- _What is needed_: All of the listing must be given again exactly, except that the images are dropped.

- _Extracted material_:
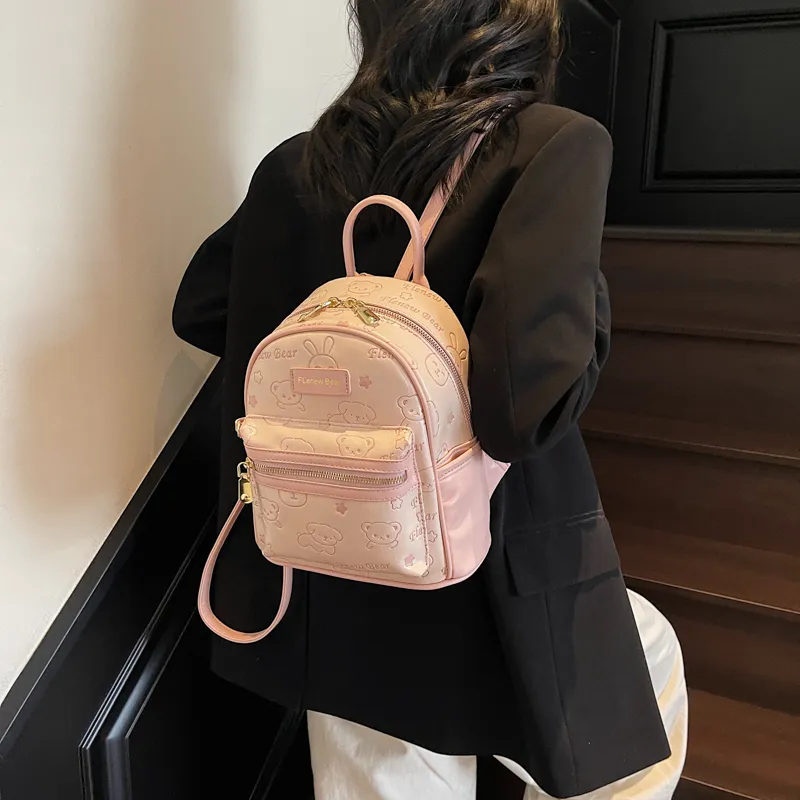 Teddy Bear Collection PU Backpack Women's Multicolor-2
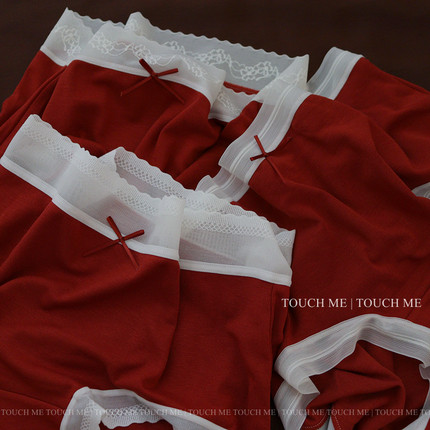 touchme法式蕾丝边复古红色内裤女纯棉抑菌裆本命年结婚中腰3条装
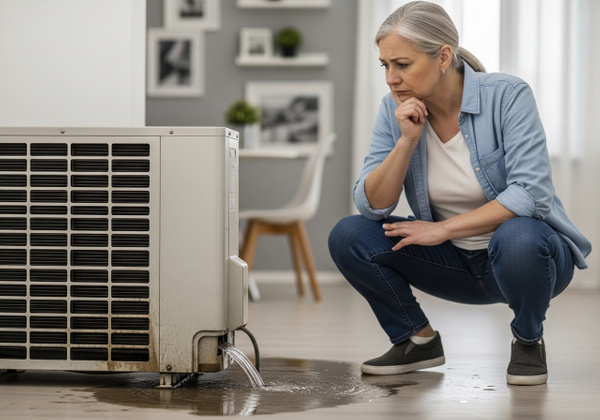 A concerned-looking woman with gray hair squats next to a leaking air conditioning unit inside a home, with water pooling on the floor. Woman Inspecting Leaking Air Conditioner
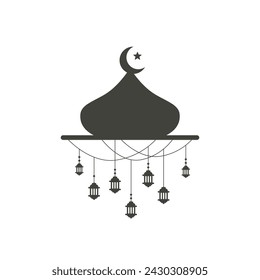 Simple hanging Arabic traditional Ramadan Kareem lantern on Mosque dome. Eid Fitr or Adha Mubarak lamp Greeting crescent moon and star symbol Outline line icon Vector Illustration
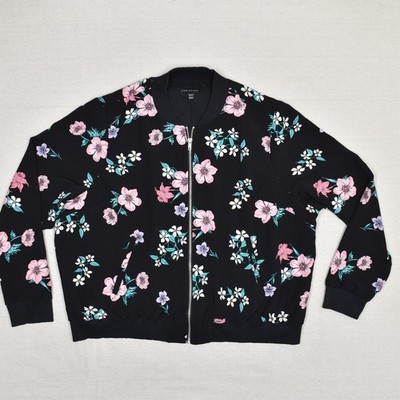 Lane Bryant Women Full Zip Bomber Jacker Floral Polyester Black Plus Size 22/24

- _Task answer_:
 Teddy Bear Collection PU Backpack Women's Multicolor-2
 touchme法式蕾丝边复古红色内裤女纯棉抑菌裆本命年结婚中腰3条装
 A concerned-looking woman with gray hair squats next to a leaking air conditioning unit inside a home, with water pooling on the floor. Woman Inspecting Leaking Air Conditioner
 Simple hanging Arabic traditional Ramadan Kareem lantern on Mosque dome. Eid Fitr or Adha Mubarak lamp Greeting crescent moon and star symbol Outline line icon Vector Illustration
 Lane Bryant Women Full Zip Bomber Jacker Floral Polyester Black Plus Size 22/24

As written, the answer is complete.